Book Notes - Robin MacArthur "Heart Spring Mountain"

Heart Spring Mountain

In the Book Notes series, authors create and discuss a music playlist that relates in some way to their recently published book.

Previous contributors include Bret Easton Ellis, Kate Christensen, Lauren Groff, T.C. Boyle, Dana Spiotta, Amy Bloom, Aimee Bender, Jesmyn Ward, Heidi Julavits, Hari Kunzru, and many others.

Like her short story collection Half Wild, Robin MacArthur's debut novel Heart Spring Mountain is impressively tied to the landscape.

Booklist wrote of the book:

"Powerful...MacArthur demonstrates a commanding ability to weave meaning from separate narrative threads, exploring how the impact of a person’s choices can echo through generations, even as a storm washes the past away."

In her own words, here is Robin MacArthur's Book Notes music playlist for her debut novel Heart Spring Mountain:

There's not much I enjoy more than making a soundtrack for my books, which are peppered throughout with song.

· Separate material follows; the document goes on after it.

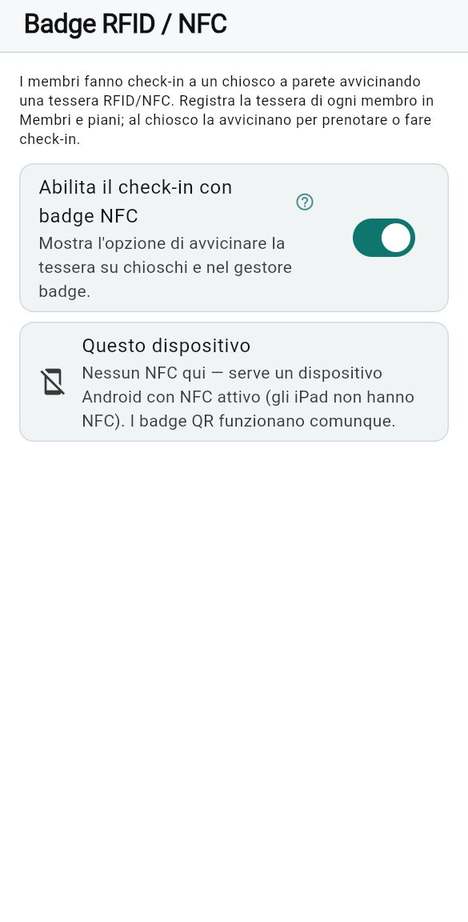 Check-in con badge NFC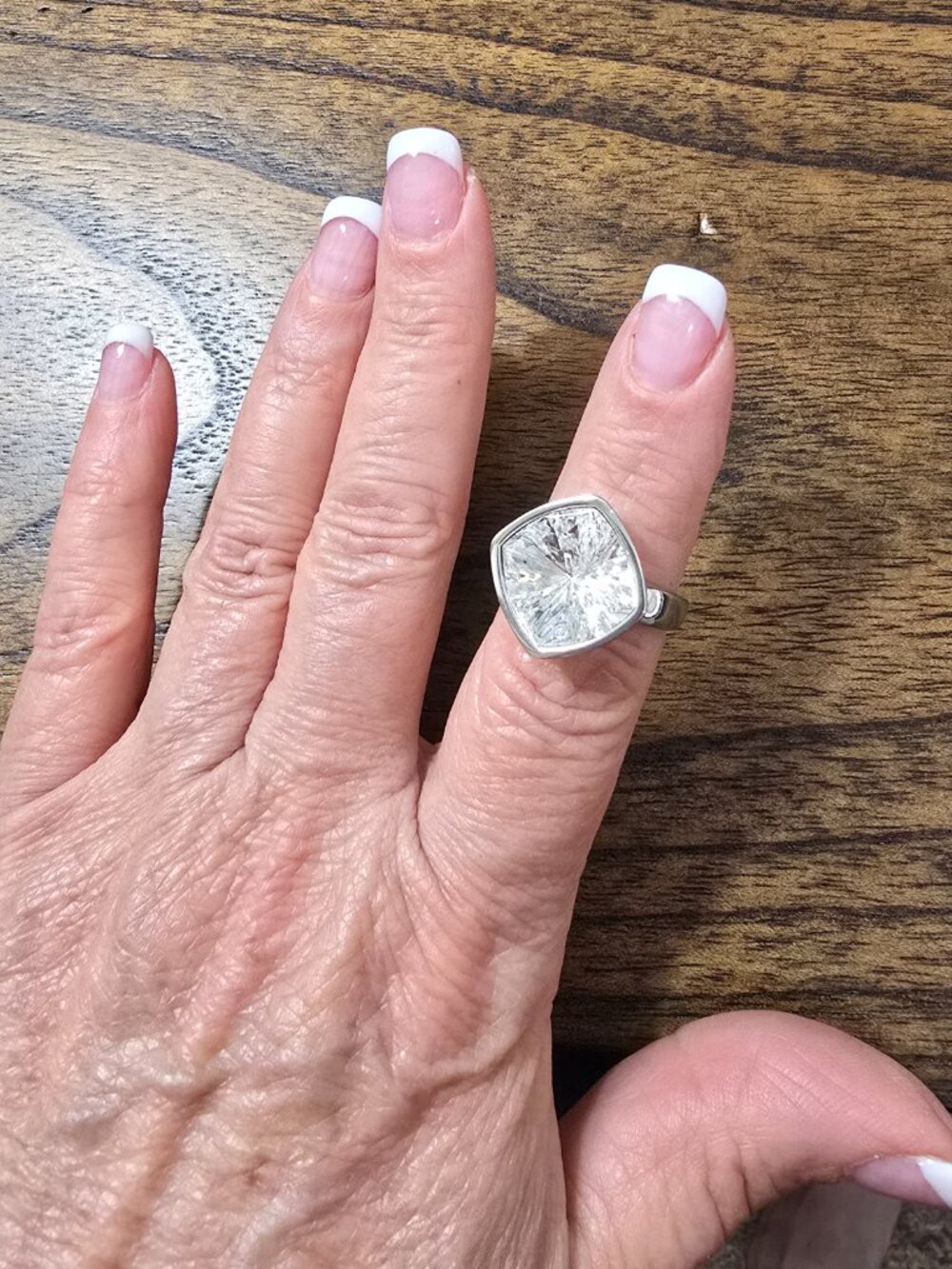 Touchstone Crystals by Swarovski MYSTIC Ring Crystal size 9 Rhodium Plated - Picture 4 of 6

Music was my first poetry; the house where I grew up (off-grid, surrounded by trees, atop a mountainside), had an LP collection that contained Bob Dylan, Joni Mitchell, Lightin' Hopkins, John Prine, Otis Redding, Dolly Parton and Hank Williams. I listened to those LPs like they were gospel, and music still functions as my emotional touchstone, my transportation, my exaltation. Because my characters are born of my own brain (and lived experience), that's how they function, too; they narrate their lives via song, find solace in song, enact communion via song. (And get off their butts and dance to song). I flipped through Heart Spring Mountain and found at least twenty-five songs littered throughout. I selected fifteen essentials here for you.

Louis Armstrong, "Mack the Knife"
Lena listens to this song in her first scene. It speaks to the ways in which music expands our worlds; Lena's a hermit living in a cabin with her pet owl on Heart Spring Mountain in Vermont in 1956, but she can turn her radio on and listen to Satchmo sing "Mack the Knife" when she gets lonely. And she does. Music is transportation. Music is inhalation. Music is exaltation.

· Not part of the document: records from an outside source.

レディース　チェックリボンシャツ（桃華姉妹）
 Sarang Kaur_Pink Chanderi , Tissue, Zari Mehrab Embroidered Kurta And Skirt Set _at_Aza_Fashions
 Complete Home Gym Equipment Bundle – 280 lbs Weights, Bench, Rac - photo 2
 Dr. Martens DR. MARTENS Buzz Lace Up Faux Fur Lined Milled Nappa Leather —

Janis Joplin, "Me and Bobby McGee"
Deb listens to this song in her first scene. It's 1974, she's dropped out of college, left her suburban home outside of Pittsburgh, and is hitchhiking north to find a commune to stay at for a while. Janis sings, "Freedom's just another word for nothing left to lose." In response Deb thinks, "Freedom. It feels different when you're alone, without wheels underneath you."

Ruth Brown, "Lucky Lips"
Deb does find that commune, and meets Ginny, and Bird, who introduces her to "all the best music." Including this one. Dance parties ensue.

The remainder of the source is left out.